Tout cela suite à l’abolition du système de la sous-traitance.
La flambée des coûts
En outre, il y a une baisse vertigineuse de la rentabilité en matière de coûts de revient puisque le transport des phosphates, qui se faisait par voie ferrée à raison de 5D la tonne avec la SNCFT, ne se fait plus que par les camions des privés à raisons de 20D la tonne suite au blocage de la vie ferrée par les sans-emplois qui réclament leur recrutement par la CPG. Cela engendre des pertes sèches pour la compagnie et le prix de vente final des phosphates étant fixé à l’avance avec les clients demeure donc inchangé.
Il faut dire que les 4 plates-formes de production des phosphates : Metlaoui, Redeyef, Moularès et Mdhilla n’ont pas cessé depuis près de trois ans de connaître des grèves, des perturbations sociales, des sit-in tantôt au niveau de l’extraction du phosphate brut (carrières) tantôt au niveau des stations de lavage et de traitement, tantôt au niveau du transport.
Souvent à tous les niveaux et en même temps, le convoyeur mécanique qui évacue les phosphates ainsi que le transport par rail est souvent bloqué tant et si bien que même les phosphates produits ne peuvent être transportés vers Gabès, Ghannouche ou Sfax pour n’être transportés qu’à prix d’or par camion au profit de privés qui s’enrichissent de façon illégitime et aux dépens d’une compagnie nationale.
Assurer la sécurité de la production
Les pouvoirs publics n’ont jamais voulu attaquer le problème de front pour des raisons électoralistes, ni appliquer la loi pour faire régner la liberté de travailler, de circuler et de transporter.
C’est ainsi qu’une compagnie qui était florissante et alimentait le budget de l’État à raison de 1 à 2 milliards de dinars par an en fonction des prix des phosphates sur le marché mondial et qui contribuerait de façon sensible à la balance des paiements en devises, est en train de s’éteindre à petit feu.

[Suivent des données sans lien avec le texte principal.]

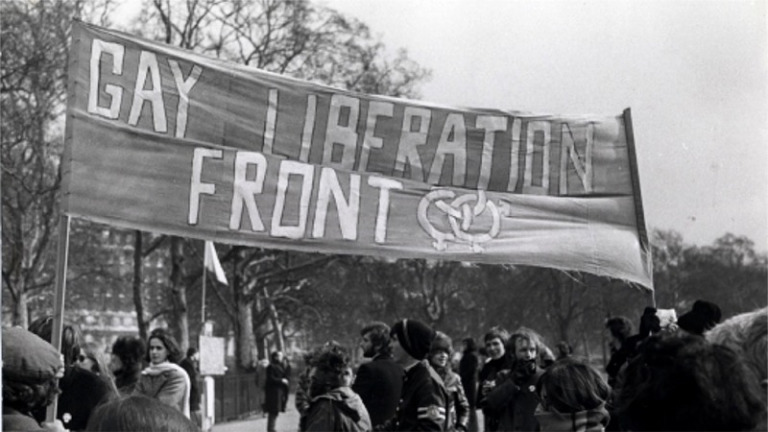 Activists involved with the Gay Liberation Front at a demonstration in the early 1970s.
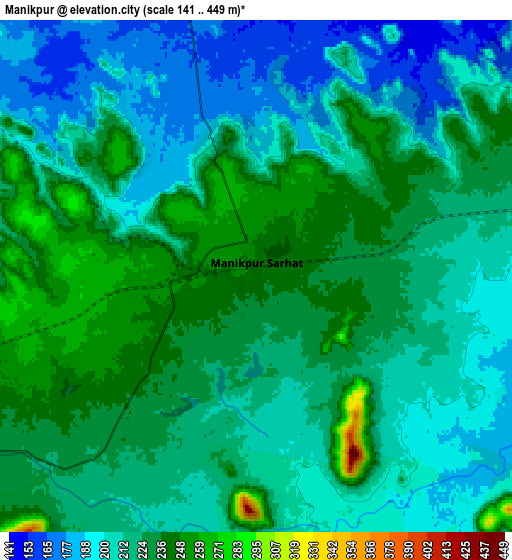 Zoom OUT 2x Mānikpur, India elevation map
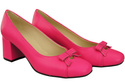 Damen Pumps mit Schleife Neon Rosa Naturleder und niedrigem Absatz 203 ElitaBut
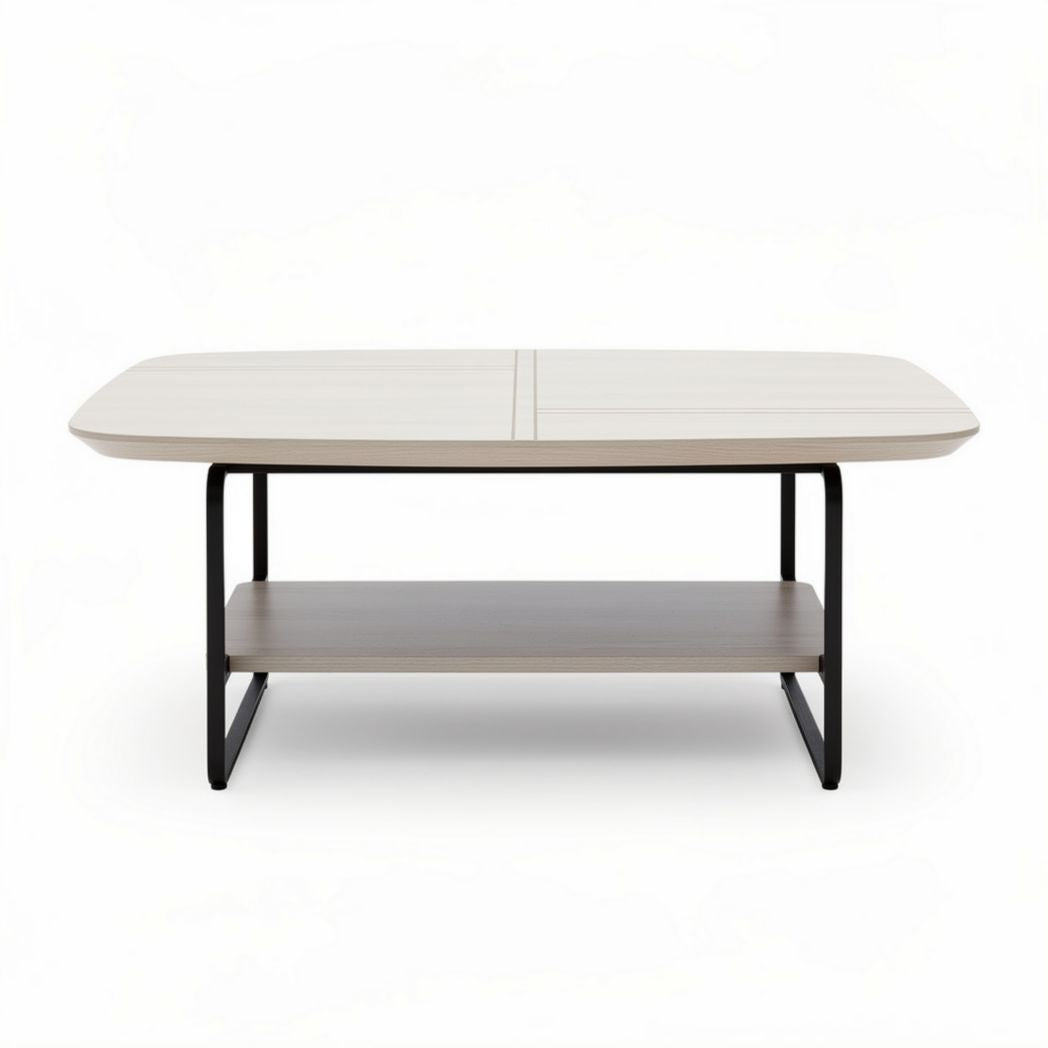 Wooden oval dining table with metal legs 200 x 100 x 75cm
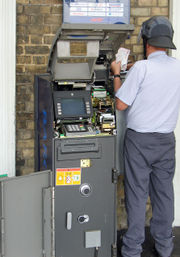 Interior of a freestanding ATM, during servicing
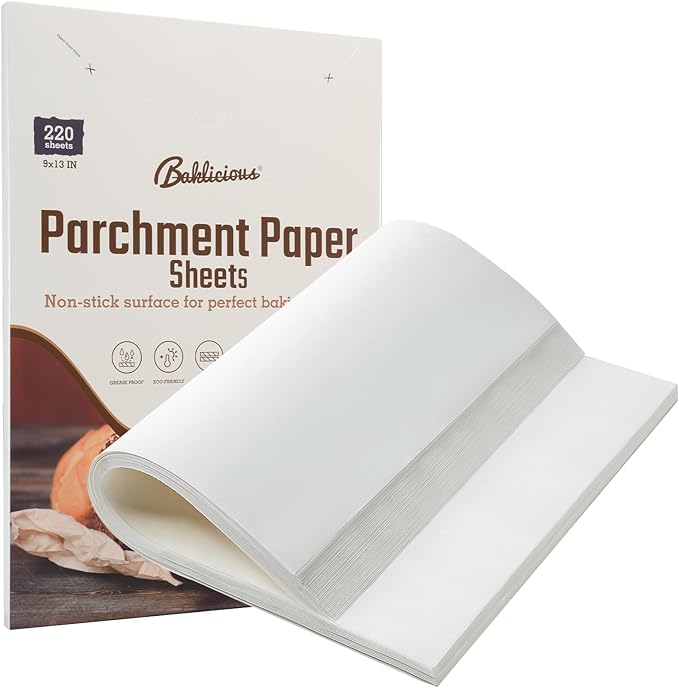 220 Pcs 9x13 In Parchment Paper Sheets, Baklicious Pre-Cut Non-Stick Parchment Baking Paper for Air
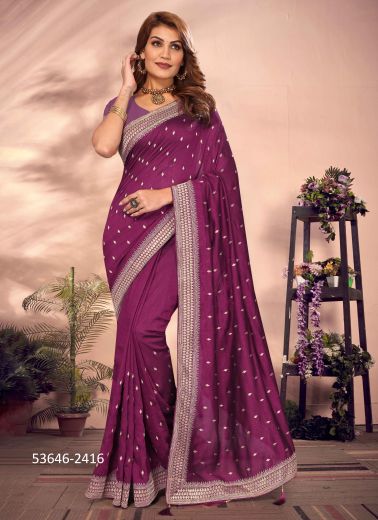 Purple Vichitra Blooming Embroidered Festive-Wear Desi Saree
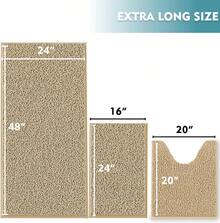 Upgrade Extra Large Bathroom Rugs Set 3 Pieces Thick Absorbent Chenille Bath Mat,Ultra Soft Bathroom Mats,Non Slip Bathroom Floor Mats,Washable Toilet Rug For Bathroom, Bedroom, Kitchen,Beige - Beige - View 2
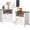 White and Brown, variant on CHITOOMA Farmhouse Nightstands, Bedside Tables with Storage Cabinet, Open Shelf, Built-In USB and Power Outlets, White and Brown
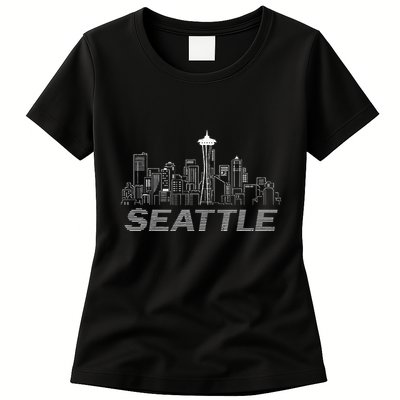 Grunge Seattle Skyline Distressed Look Design Womens T-Shirt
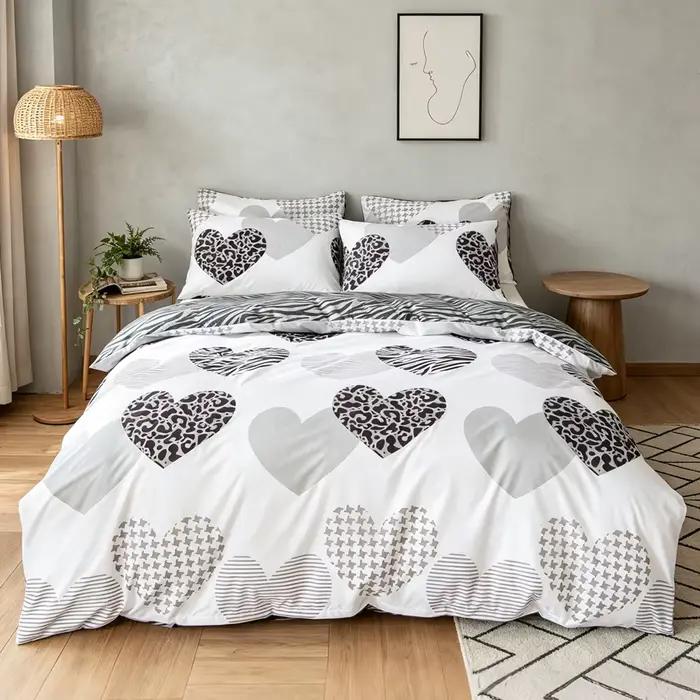Ensemble de housse de couette en forme de cœur imprimé léopard, 3 pièces, doux et respirant, moderne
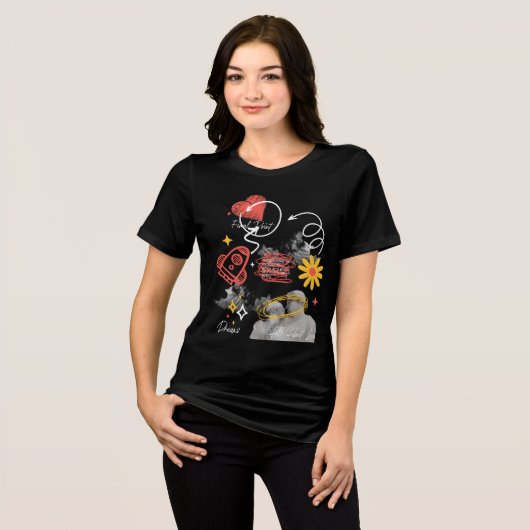 Abstract Grunge "Alles over Liefde" Tri-Blend Shirt (Voorkant volledig)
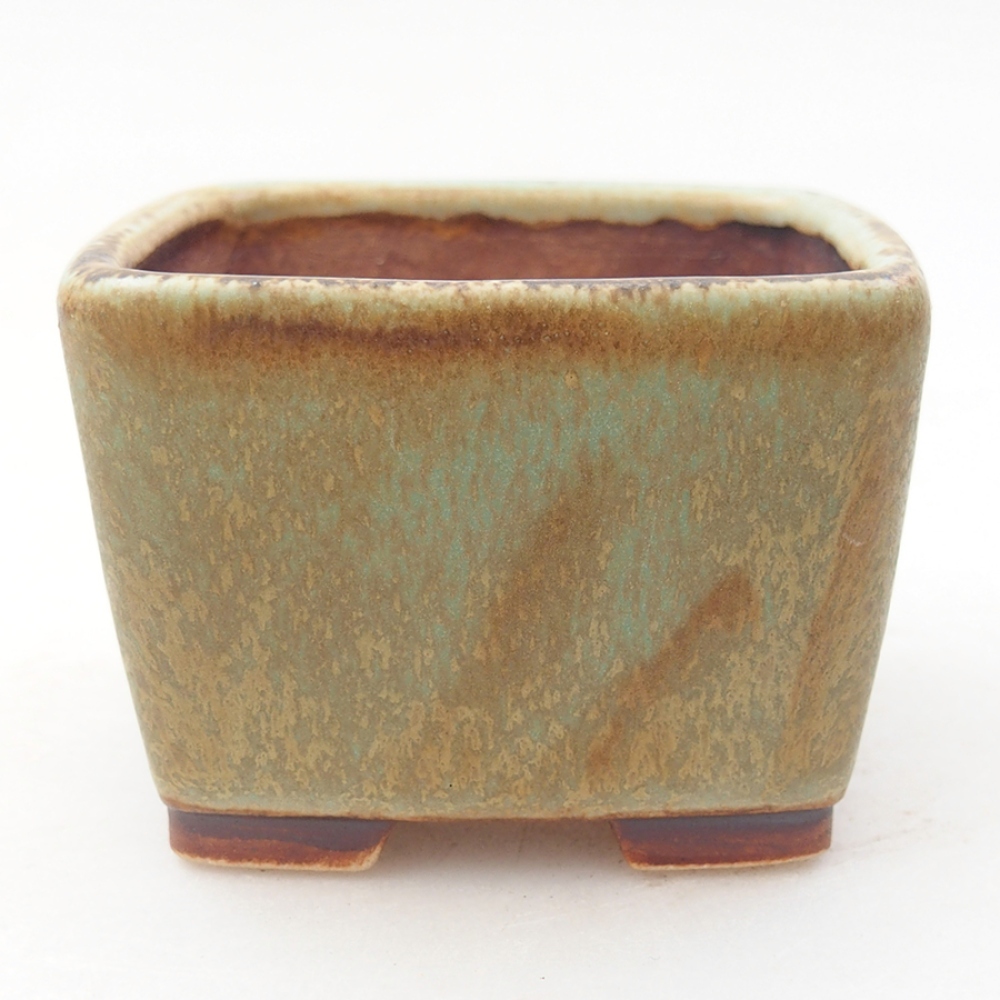 Ceramiczna miska bonsai 6 x 6 x 4,5 cm, kolor zielony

La récente réunion tenue à Gafsa et présidée par le ministre conseiller chargé de l’Investissement auprès du chef du gouvernement, Ryadh Bettaïeb, avec la participation du gouverneur de Gafsa et du PDG de la CPG, a lancé un cri d’alarme. En effet si les perturbations persistent, près de 15.000 agents seront mis en congé obligatoire en 2014, car la CPG ne sera plus en mesure d’assurer les salaires.
Cela ressemble à s’y méprendre à une cessation de paiement qui serait catastrophique pour toute la région, en raison de l’impact indirect de la CPG sur toute l’activité économique et la situation dans la région. C’est pourquoi il faudrait une réaction vigilante de tous les acteurs en présence pour sauver un fleuron de l’économie nationale.